For complex filtering, avoid deeply nested query parameter schemas. If filter complexity exceeds 3 conditions, consider a POST /orders/search endpoint with a JSON body. This is not RESTful purism -- it is practical. Encoding complex filters in query strings produces unreadable URLs, caching nightmares, and URL length limit violations.

Authentication & Authorization Patterns

Authentication answers "who are you?" Authorization answers "what can you do?" Conflating them is the root cause of most API security failures.

Auth Method Selection

| Method | Authenticates | Best For | Not For | |--------|-------------|----------|---------| | API Keys | Application | Server-to-server, rate limit tracking, public API metering | User-level permissions, browser clients, mobile apps | | OAuth2 | User (delegated) | Third-party access, user consent flows, multi-tenant SaaS | Simple server-to-server, internal tools | | JWT | Session | Stateless authentication, microservice propagation | Long-lived tokens, sensitive claims storage | | mTLS | Service | Service mesh, zero-trust networks, certificate-based identity | Public APIs, browser clients, mobile apps |

The critical distinction: API keys identify the calling application.
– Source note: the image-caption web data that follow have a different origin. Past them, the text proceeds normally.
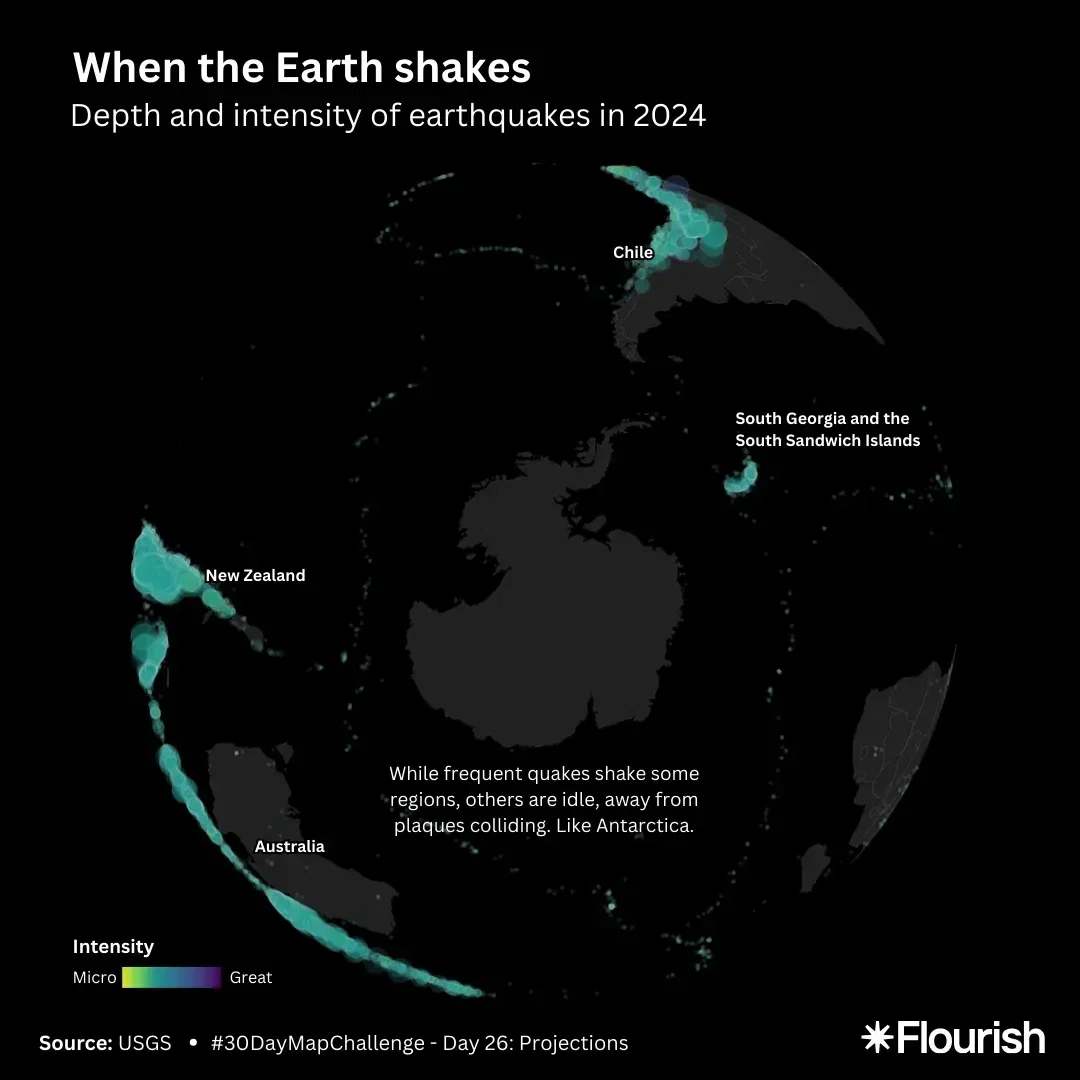 When the Earth shakes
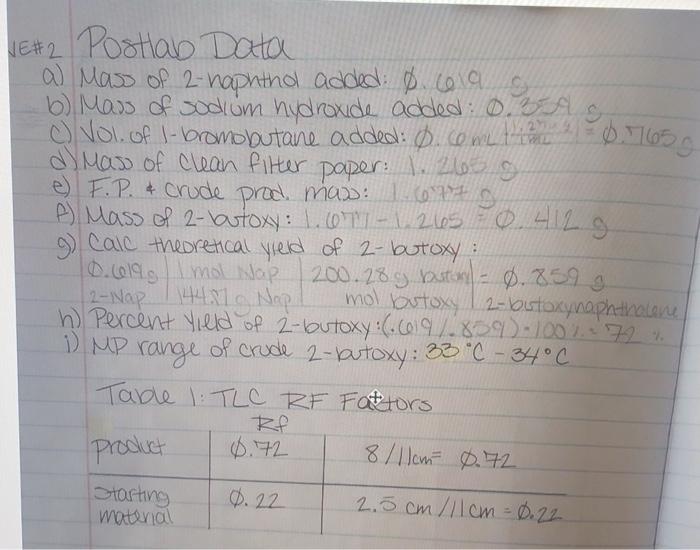 0 7696 Veh2 Postlab Data A Mass Of 2 Naphthol Added 1 Colas B Mass Of Sodlom Hydroxide Added 0 A Noi Of I Bromobutan 1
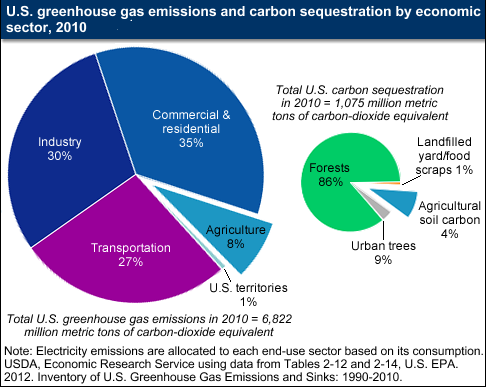 A chart showing the U.S. greenhouse gas emissions and carbon sequestration by economic sectors in 2010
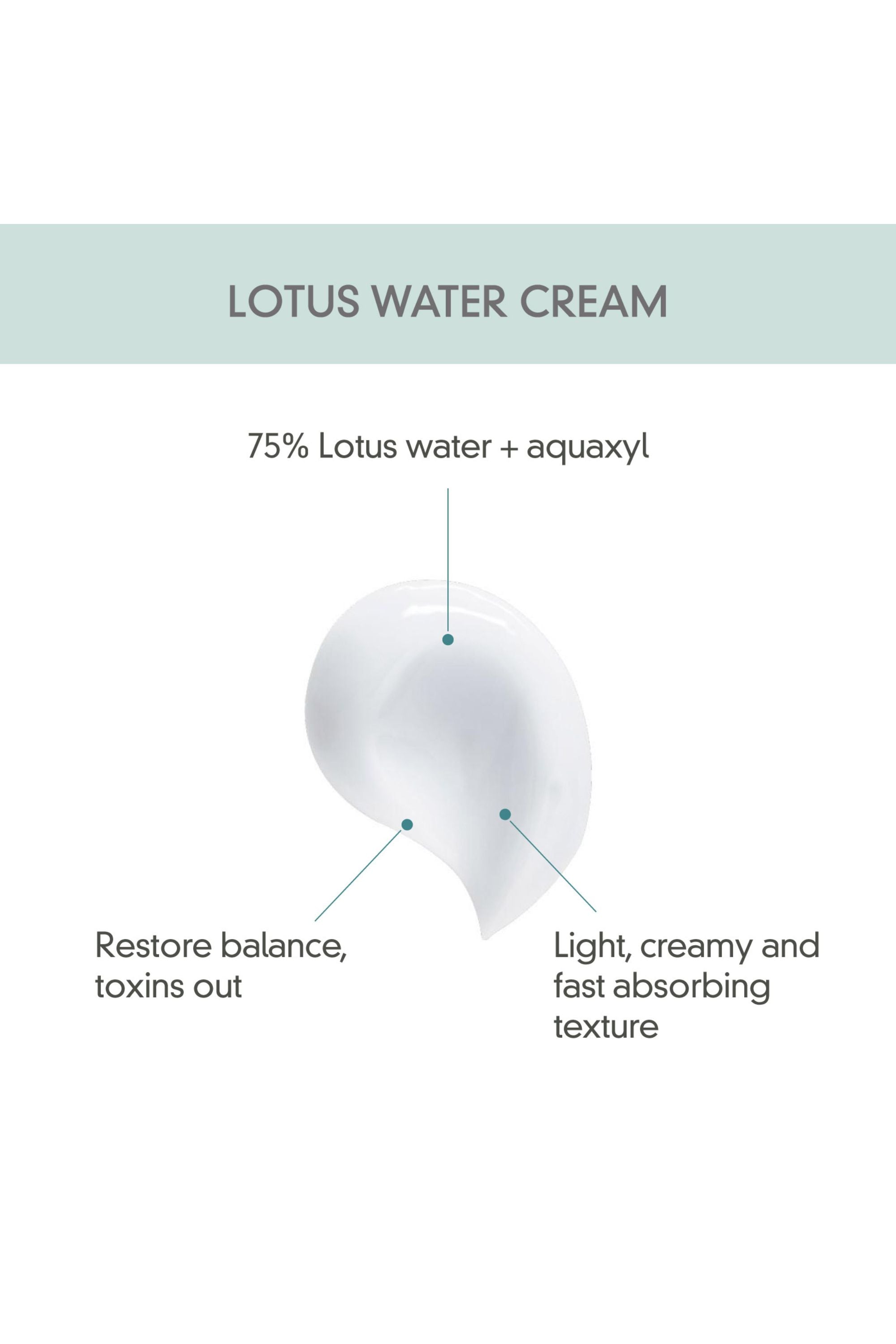 Lotus Water Cream - Rovectin Skin Essentials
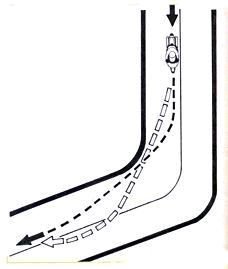 Техника спортивной езды - pic_90.jpg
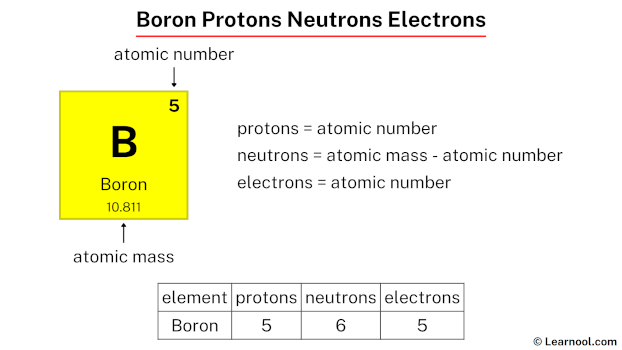Boron Protons Neutrons Electrons Boron Protons Neutrons Electrons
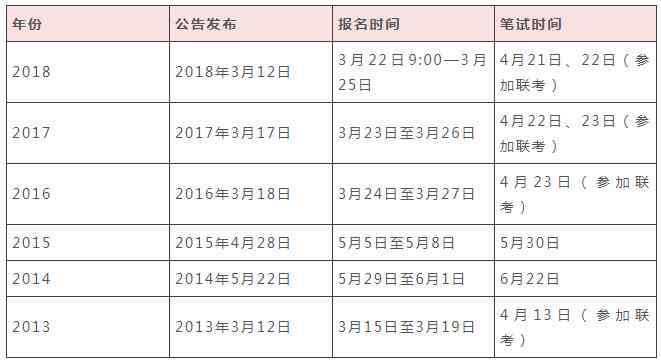 佛山市顺德区工伤认定与申请流程详解：官方程序指南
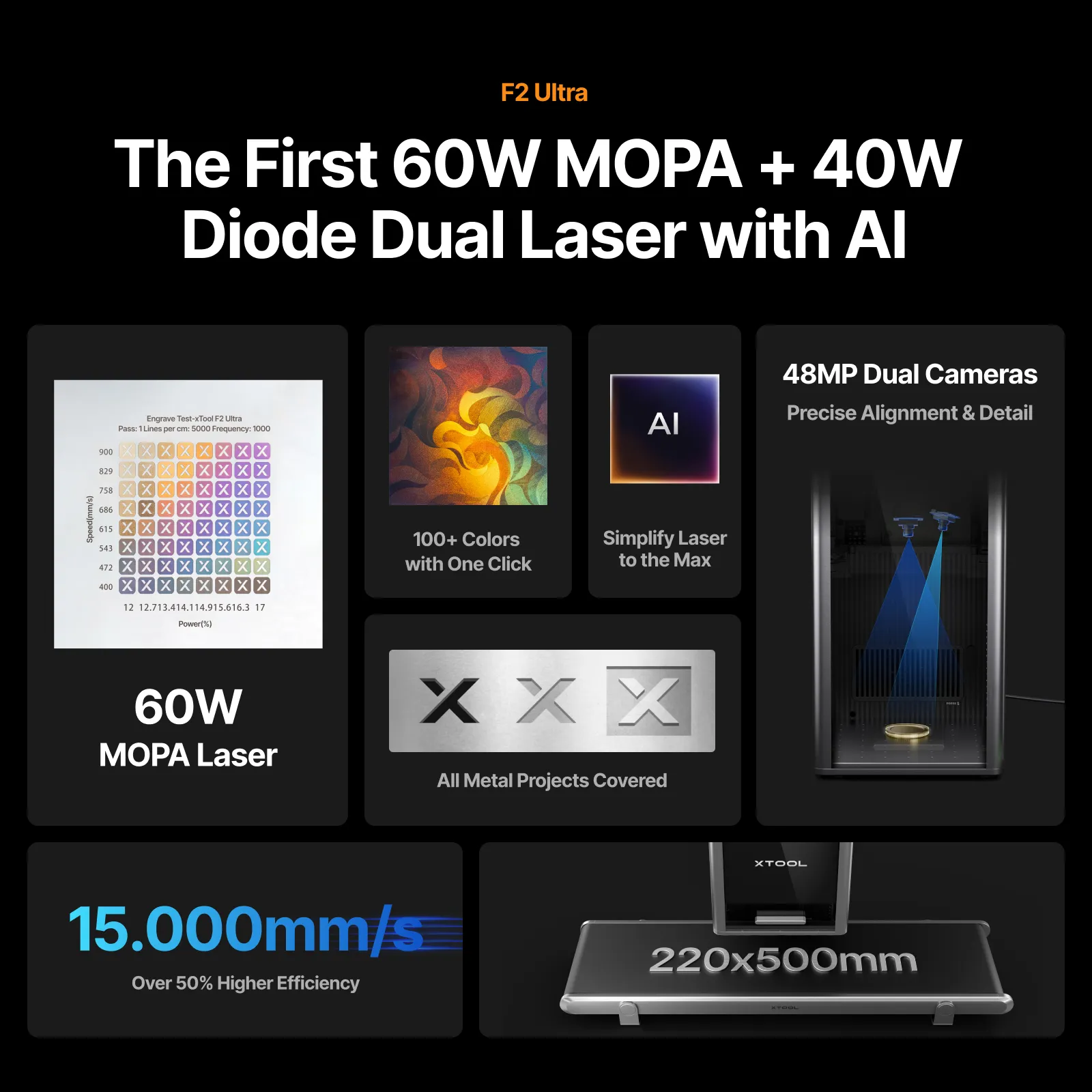 xTool P+F Series Ultimate Duo - Image 8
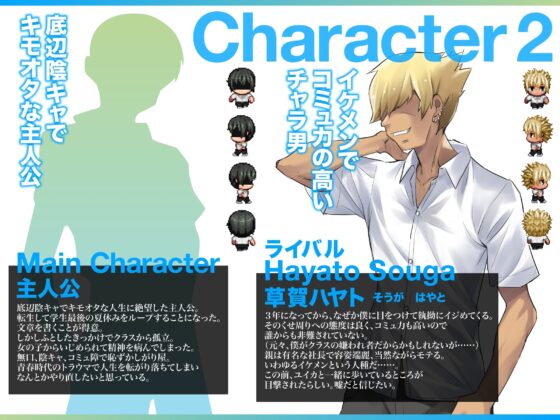 【スマホ版】アオハループ 底辺キモオタの僕が転生してスクールカースト第一位の美少女と青春をやり直すお話【DL Play Box版】 [アトリエTODO] | DLsite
OAuth2 tokens identify the user who granted permission. A request can carry both -- the API key identifies which application is calling, and the OAuth2 token identifies which user authorized it. Stripe uses this dual model: API key for the merchant's server, connected account tokens for user-delegated actions.

Token Lifecycle Principles

Access tokens should be short-lived (15 minutes) because they cannot be individually revoked without a blocklist check on every request. Refresh tokens should be long-lived (7-30 days) but rotated on every use -- issuing a new refresh token and invalidating the old one. If a rotated-out refresh token is replayed, it signals theft: revoke the entire token family. See references/authentication-deep-dive.md for OAuth2 flow selection, JWT validation checklist, HMAC webhook signing, and mTLS architecture.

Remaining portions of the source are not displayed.